Lotnisko w Pyrzowicach pod Katowicami jest
nadal nieczynne. Tak będzie co najmniej do godziny 9:00. Wieczorem samolot z
Egiptu po wylądowaniu nie wyhamował i zatrzymał się tuż za pasem startowym i
zablokował go. Samolot Boeing 737-800
czeskiej linii lotniczej Travel Service miał wczoraj wieczorem kłopoty
z lądowaniem na lotnisku w podkatowickich Pyrzowicach. Maszyna nie
zdołała wyhamować na pasie startowym i zatrzymała się na trawniku tuż za
nim. Samolot do tej pory nie został ściągnięty. Pilot lądował w trudnych,
zimowych warunkach, ale dopuszczalnych przez przepisy lotnicze. Nikomu nic się
nie stało. Na pokładzie było 179 pasażerów i sześciu członków załogi.

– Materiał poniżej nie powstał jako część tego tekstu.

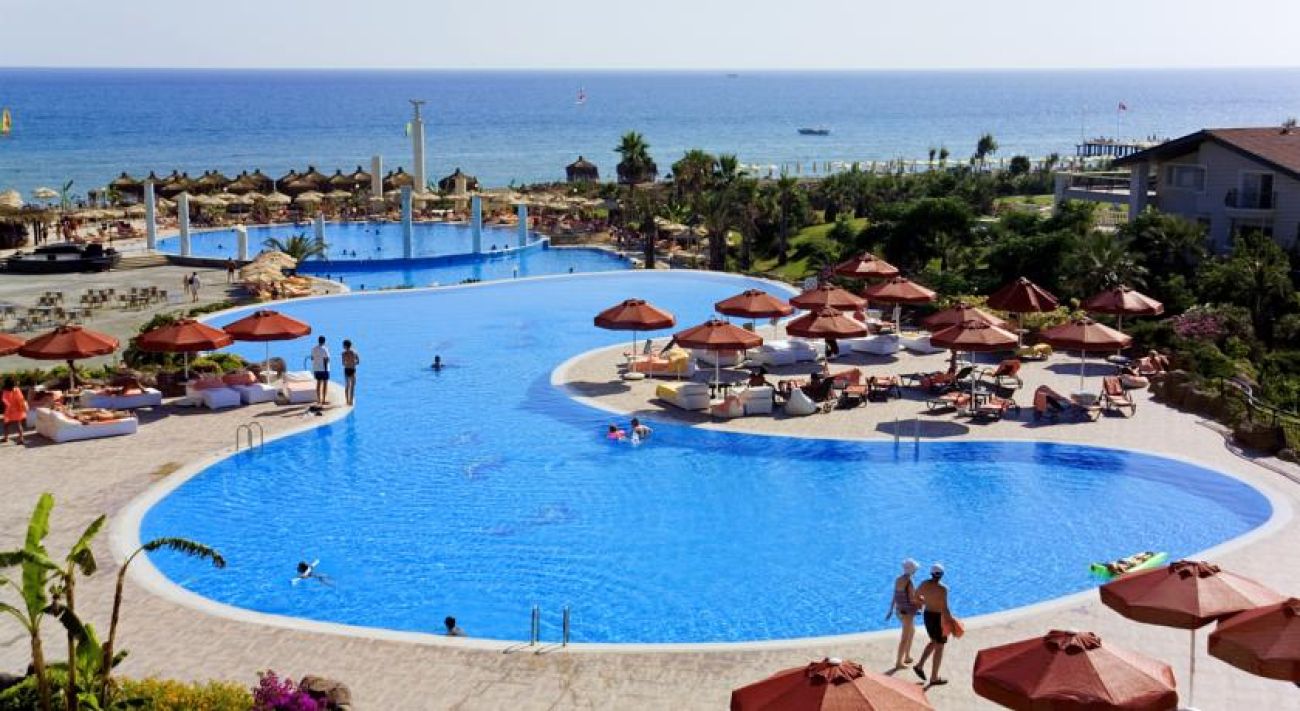 STARLIGHT RESORT 5*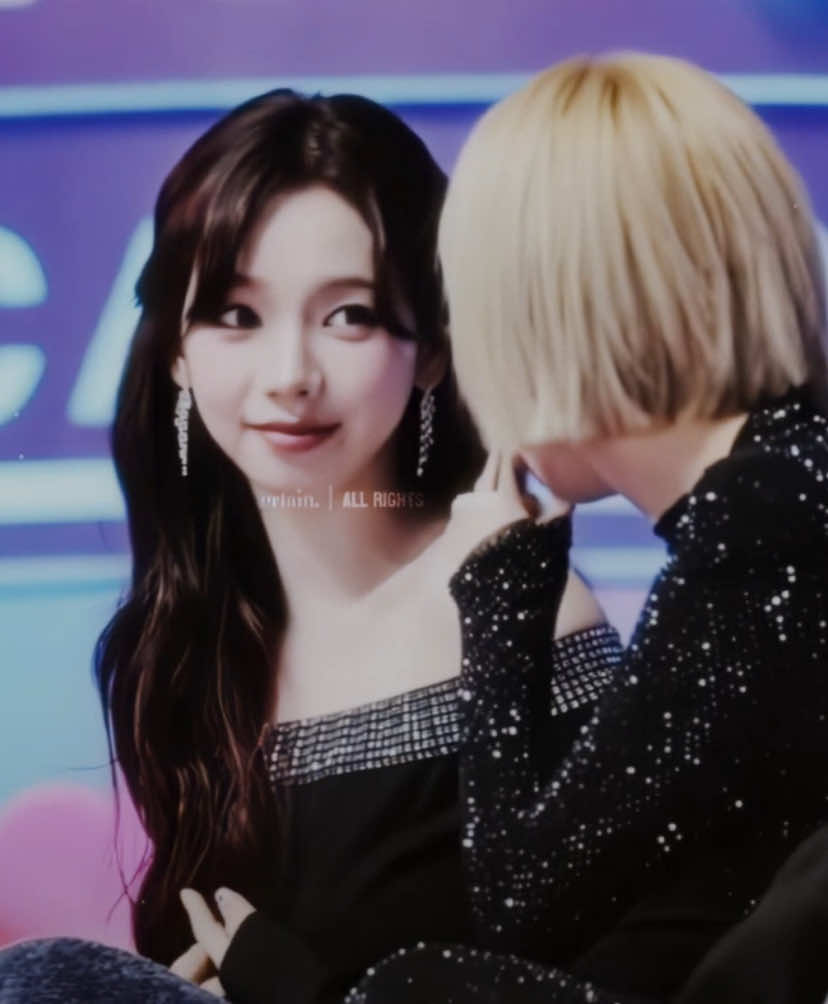 karina looks at her like her life depends of it  #jiminjeong #winrina #winrinaedit #karinaedit #winteredit #karina #aespa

Pasażerowie opuścili samolot schodami podstawionymi pod tylne wyjście maszyny.
Prawdopodobnie nie została też uszkodzona sama maszyna. Jak poinformował
rzecznik Górnośląskiego Towarzystwa Lotniczego Cezary Orzech, jak zawsze
w takich przypadkach uruchomiono stosowne procedury. Do samolotu
profilaktycznie podjechały lotniskowe samochody ratownicze. Do czasu
odholowania samolotu z pasa startowego ruch na lotnisku został wstrzymany.